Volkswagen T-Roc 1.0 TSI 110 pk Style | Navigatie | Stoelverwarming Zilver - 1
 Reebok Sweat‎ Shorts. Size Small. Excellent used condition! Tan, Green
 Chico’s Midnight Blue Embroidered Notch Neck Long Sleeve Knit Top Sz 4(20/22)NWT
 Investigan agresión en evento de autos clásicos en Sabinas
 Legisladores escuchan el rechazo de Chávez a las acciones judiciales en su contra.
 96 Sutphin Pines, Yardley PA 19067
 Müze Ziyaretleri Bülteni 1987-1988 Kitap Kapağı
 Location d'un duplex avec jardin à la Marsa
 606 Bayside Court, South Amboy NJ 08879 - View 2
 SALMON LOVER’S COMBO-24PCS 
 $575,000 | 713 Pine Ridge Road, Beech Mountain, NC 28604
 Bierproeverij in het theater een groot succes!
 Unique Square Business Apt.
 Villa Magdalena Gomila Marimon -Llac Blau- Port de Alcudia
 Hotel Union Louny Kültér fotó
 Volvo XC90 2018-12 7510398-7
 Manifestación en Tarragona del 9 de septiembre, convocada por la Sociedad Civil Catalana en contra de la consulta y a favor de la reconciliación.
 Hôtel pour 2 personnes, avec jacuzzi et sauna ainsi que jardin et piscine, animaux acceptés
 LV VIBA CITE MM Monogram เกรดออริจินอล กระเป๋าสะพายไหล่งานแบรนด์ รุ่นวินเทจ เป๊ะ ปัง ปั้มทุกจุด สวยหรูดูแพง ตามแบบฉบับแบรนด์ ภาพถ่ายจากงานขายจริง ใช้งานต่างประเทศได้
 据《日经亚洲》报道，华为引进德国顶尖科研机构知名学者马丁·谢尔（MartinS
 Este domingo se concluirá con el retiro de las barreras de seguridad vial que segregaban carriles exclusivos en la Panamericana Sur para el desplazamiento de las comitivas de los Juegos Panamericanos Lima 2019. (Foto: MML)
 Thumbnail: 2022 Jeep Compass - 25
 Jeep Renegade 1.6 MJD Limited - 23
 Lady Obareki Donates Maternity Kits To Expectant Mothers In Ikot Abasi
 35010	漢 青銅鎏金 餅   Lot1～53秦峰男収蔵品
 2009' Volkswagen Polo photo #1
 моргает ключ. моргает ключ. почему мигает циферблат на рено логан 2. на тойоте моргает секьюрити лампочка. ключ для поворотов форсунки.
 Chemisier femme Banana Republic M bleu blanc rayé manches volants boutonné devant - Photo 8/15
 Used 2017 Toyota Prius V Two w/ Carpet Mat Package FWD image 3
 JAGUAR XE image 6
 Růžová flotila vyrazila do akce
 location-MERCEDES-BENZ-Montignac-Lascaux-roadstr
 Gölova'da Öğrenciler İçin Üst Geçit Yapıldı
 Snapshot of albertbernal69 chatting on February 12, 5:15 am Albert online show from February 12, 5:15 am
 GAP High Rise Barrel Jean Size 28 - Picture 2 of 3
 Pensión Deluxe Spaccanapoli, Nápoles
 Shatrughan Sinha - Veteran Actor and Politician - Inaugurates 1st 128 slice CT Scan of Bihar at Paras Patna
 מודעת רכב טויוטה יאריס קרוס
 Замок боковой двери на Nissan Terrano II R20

——

> **EXERCISE REQUIREMENTS**:
Nothing but the exact lines from the start of the material through the line holding "Location d'un duplex avec jardin à la Marsa", both included, belongs in the answer.

> **WRITTEN SOLUTION**:
Volkswagen T-Roc 1.0 TSI 110 pk Style | Navigatie | Stoelverwarming Zilver - 1
 Reebok Sweat‎ Shorts. Size Small. Excellent used condition! Tan, Green
 Chico’s Midnight Blue Embroidered Notch Neck Long Sleeve Knit Top Sz 4(20/22)NWT
 Investigan agresión en evento de autos clásicos en Sabinas
 Legisladores escuchan el rechazo de Chávez a las acciones judiciales en su contra.
 96 Sutphin Pines, Yardley PA 19067
 Müze Ziyaretleri Bülteni 1987-1988 Kitap Kapağı
 Location d'un duplex avec jardin à la Marsa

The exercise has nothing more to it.